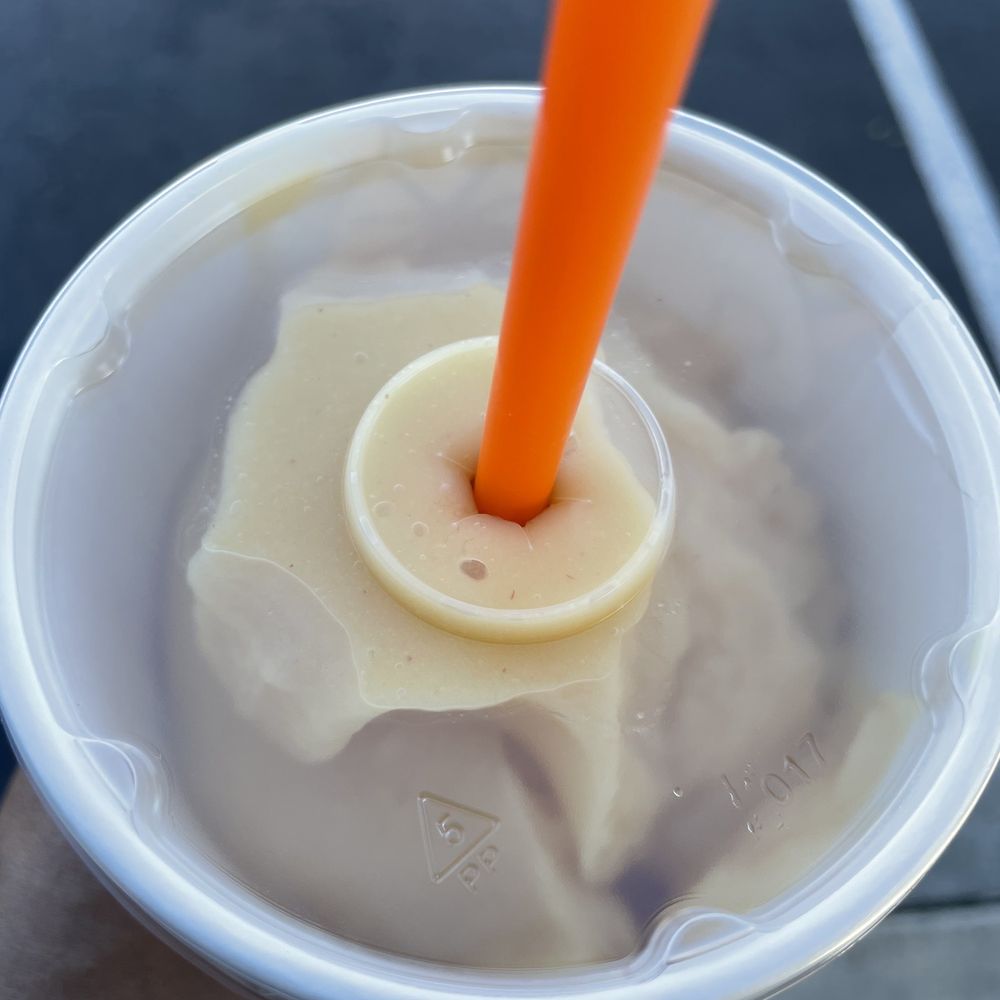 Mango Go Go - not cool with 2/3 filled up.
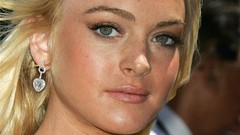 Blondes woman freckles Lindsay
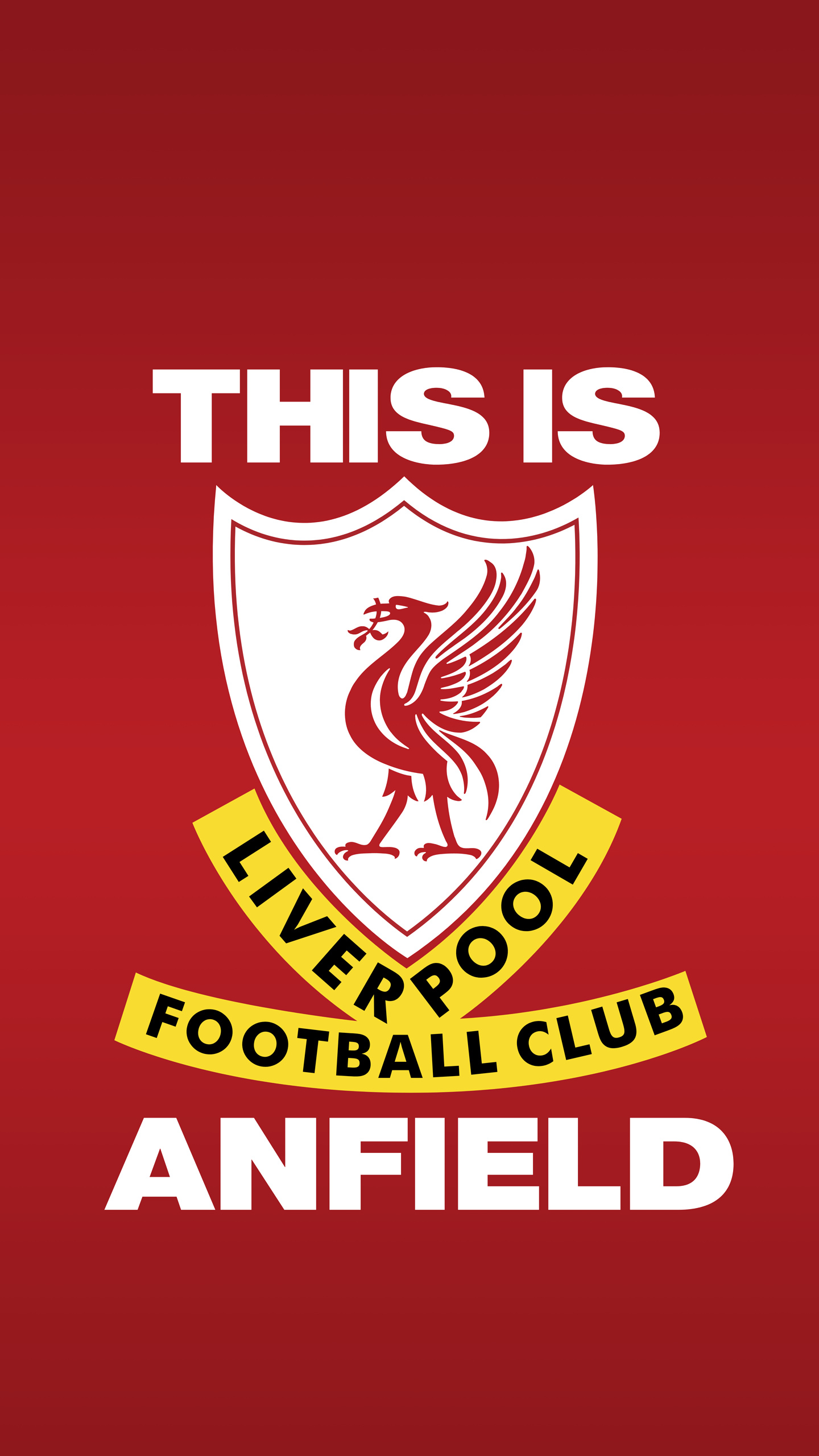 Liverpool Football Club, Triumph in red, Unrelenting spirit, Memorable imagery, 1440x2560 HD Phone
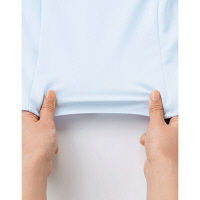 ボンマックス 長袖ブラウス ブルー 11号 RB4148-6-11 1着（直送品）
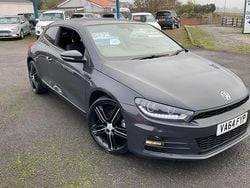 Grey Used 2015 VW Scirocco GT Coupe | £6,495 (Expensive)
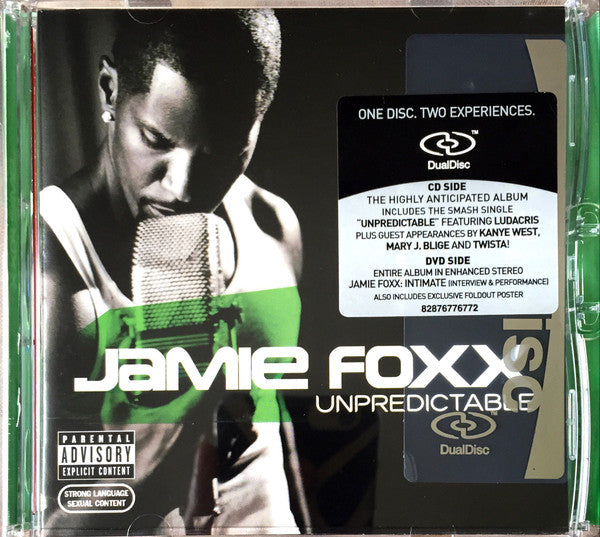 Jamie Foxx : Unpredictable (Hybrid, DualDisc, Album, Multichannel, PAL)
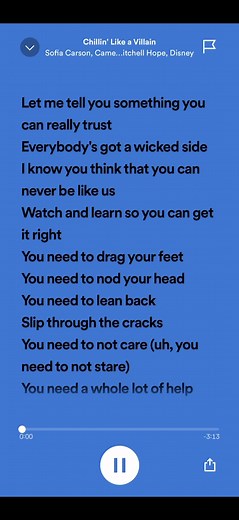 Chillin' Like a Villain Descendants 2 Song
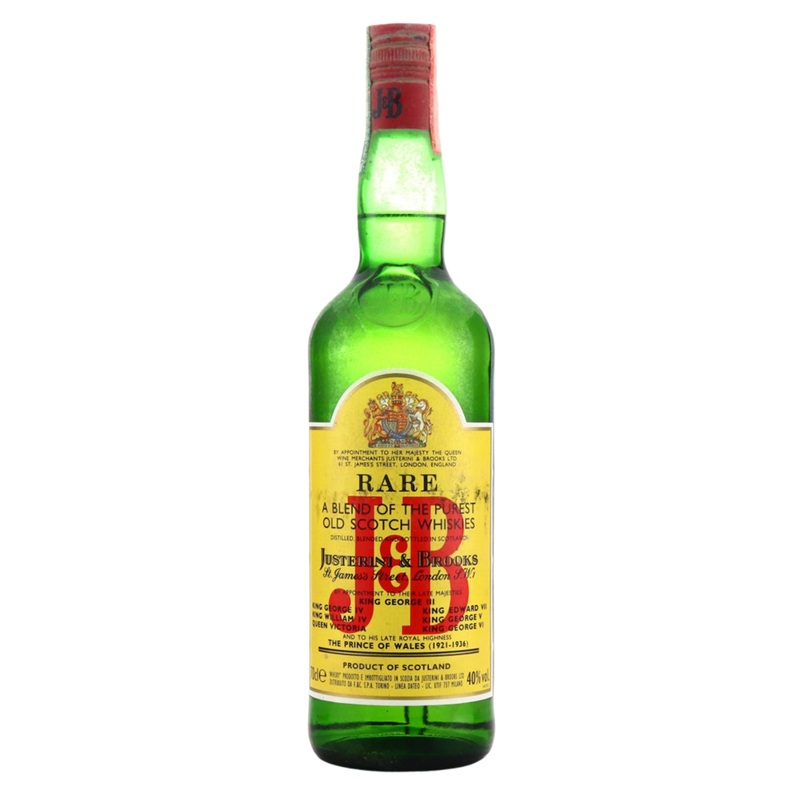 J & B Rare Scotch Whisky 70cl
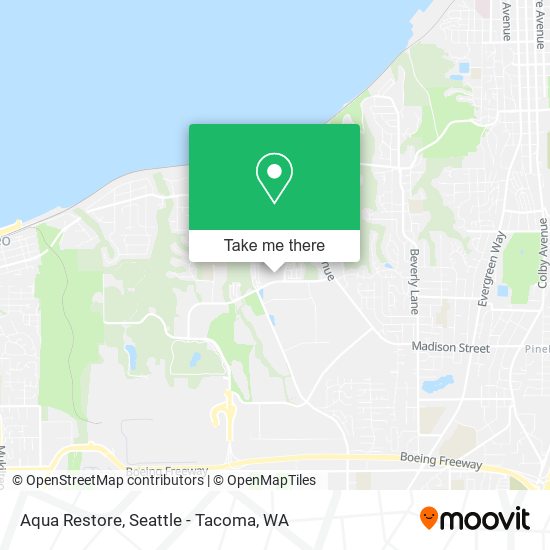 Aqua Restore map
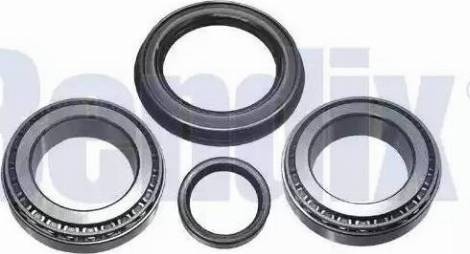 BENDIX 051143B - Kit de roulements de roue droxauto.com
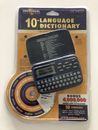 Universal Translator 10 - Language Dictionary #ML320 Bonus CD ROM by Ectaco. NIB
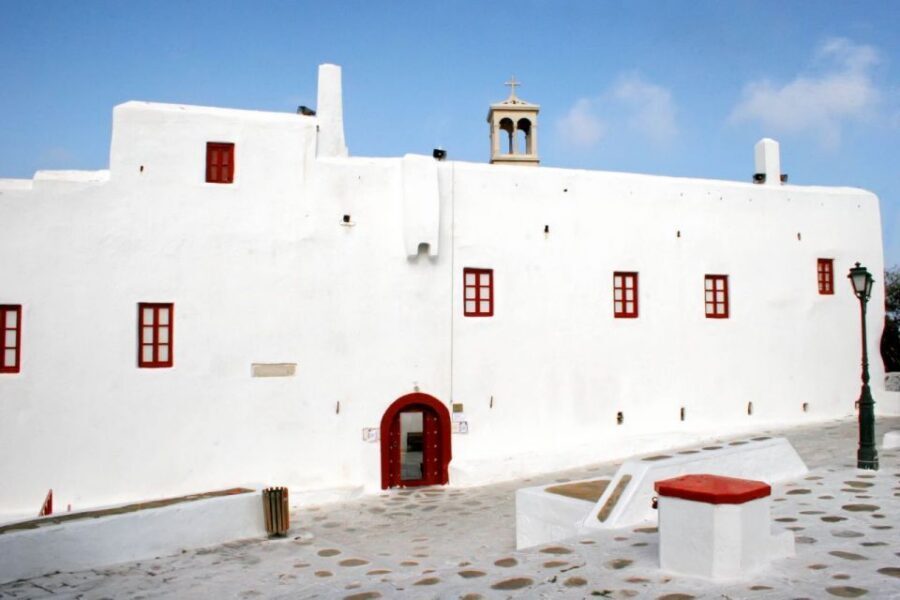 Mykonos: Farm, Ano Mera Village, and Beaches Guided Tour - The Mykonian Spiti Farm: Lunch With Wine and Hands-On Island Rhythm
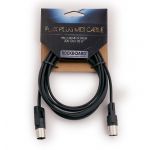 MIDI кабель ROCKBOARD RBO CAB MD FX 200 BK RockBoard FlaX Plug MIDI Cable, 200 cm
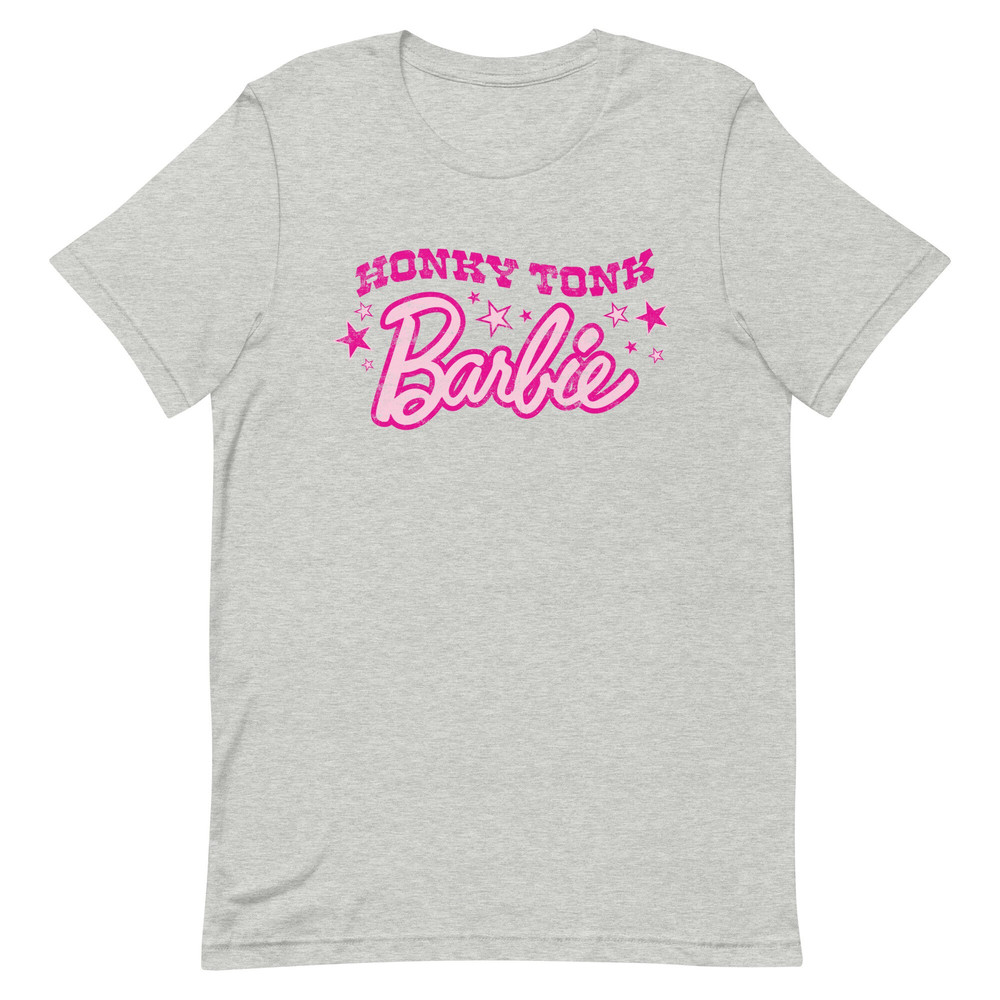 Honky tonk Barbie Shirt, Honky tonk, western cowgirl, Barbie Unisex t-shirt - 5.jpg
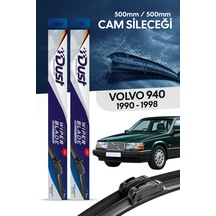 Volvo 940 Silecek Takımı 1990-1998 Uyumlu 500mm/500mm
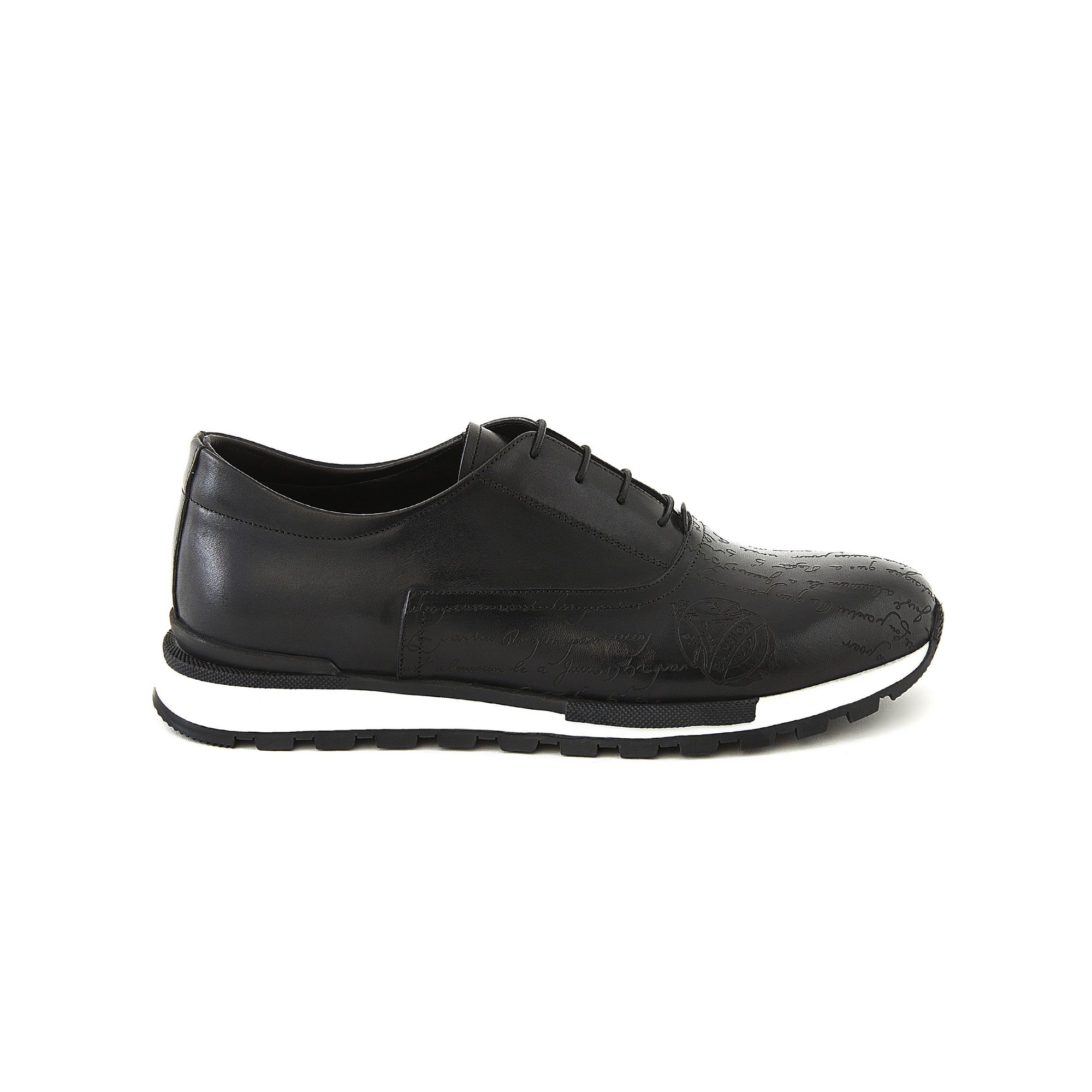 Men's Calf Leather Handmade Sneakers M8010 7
# # # # # # #
* _About this task_
Set down word for word the lines above from the one with "Grey Used 2015" up to and including the one with "Universal Translator 10". Omit every picture.

* _Answer for the task_
 Grey Used 2015 VW Scirocco GT Coupe | £6,495 (Expensive)
 Jamie Foxx : Unpredictable (Hybrid, DualDisc, Album, Multichannel, PAL)
 Chillin' Like a Villain Descendants 2 Song
 J & B Rare Scotch Whisky 70cl
 Aqua Restore map
 BENDIX 051143B - Kit de roulements de roue droxauto.com
 Universal Translator 10 - Language Dictionary #ML320 Bonus CD ROM by Ectaco. NIB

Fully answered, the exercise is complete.